Parliament passes Evidence Bill, forces journalists to disclose source

The Parliament on Thursday passed the Evidence Bill to disclose the source of information through the courts. The bill was passed despite protests by journalists. The Maldives Media Council, senior journalists, and news agencies have been calling to stop the bill.

The bill was moved by Thinadhoo MP Abdul Mughunee on behalf of the government. The purpose was stated as to enhance the current outdated Evidence Act, which has been in force since 1976, by introducing strong policies that strengthen the act.

The Attorney General's Office proposed 15 amendments to the committee's report on the bill containing 151 articles. Despite the amendments, the clause on disclosing the information source remained as part of the bill. The bill was passed by the Parliament with 50 votes in its favor. While five members voted against the bill, two members abstained from voting.

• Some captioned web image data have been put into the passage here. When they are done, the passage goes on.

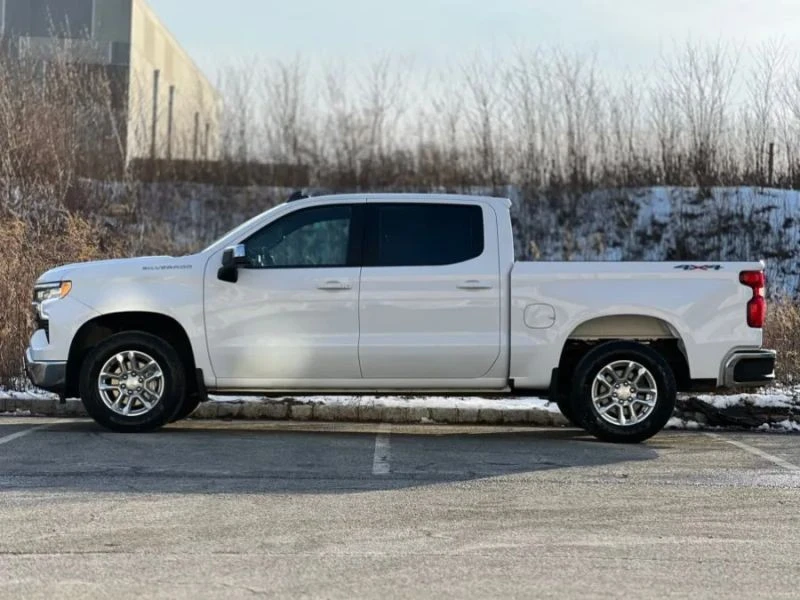2022 Chevrolet Silverado 4th Gen - Image 5 of 12
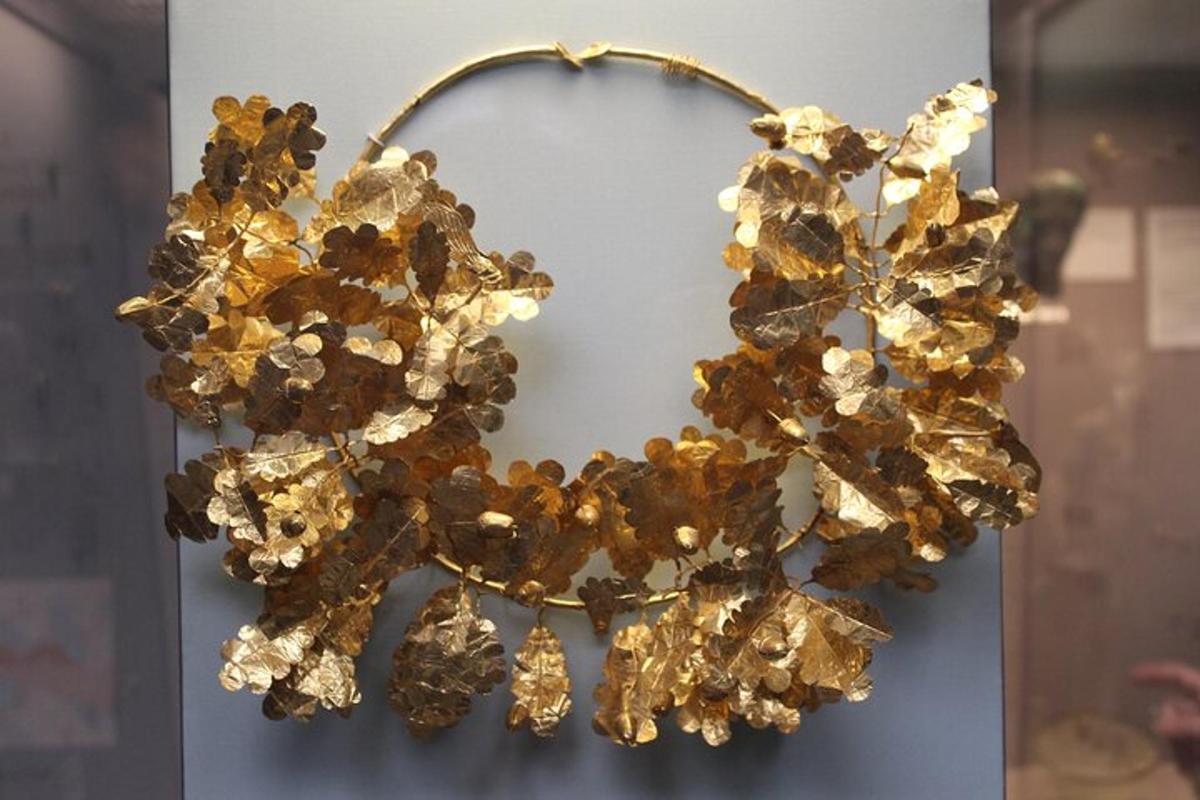 uma coroa de ouro está pendurada na parede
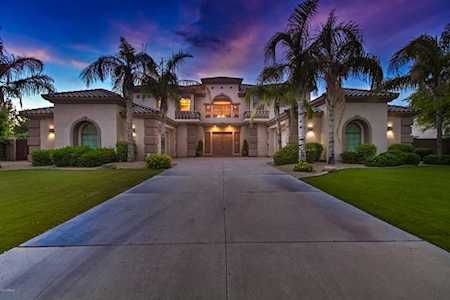 2732 S Balboa Drive Gilbert, AZ 85295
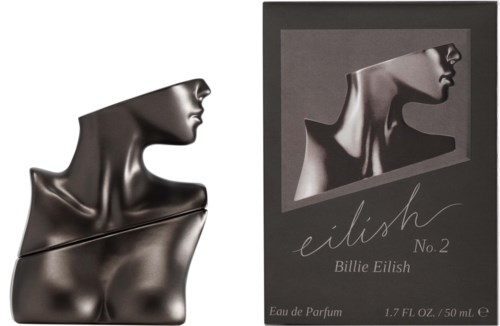 Een zwarte vrouwenmodel nabij een parfumdoos met een vrouwenprofiel en het label 'Billie Eilish No.2'.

The government's bill specifies evidence types, classification, submission and admission, and standards for taking and evaluating evidence. It also describes evidentiary rules such as the proportion of evidence required to prove offenses punishable by Islam in civil and criminal cases and the rules relating to the responsibility of proof. It also states other rules for submitting evidence, including what privileges cannot be offered as evidence.

The Media Council has expressed concern over the passing of the Evidence Bill, which allows journalists to disclose the source of information through the courts.

The Speaker of Parliament, Mohamed Nasheed, gave a curt reply to the journalists' concerns, stating that there is no solution to the issue of source disclosure at the moment. He said things played out the way it did because journalists did not do enough against it.

Forcing journalists to disclose the source of their information is a step backward in journalism. The current government came to power promising complete freedom of expression.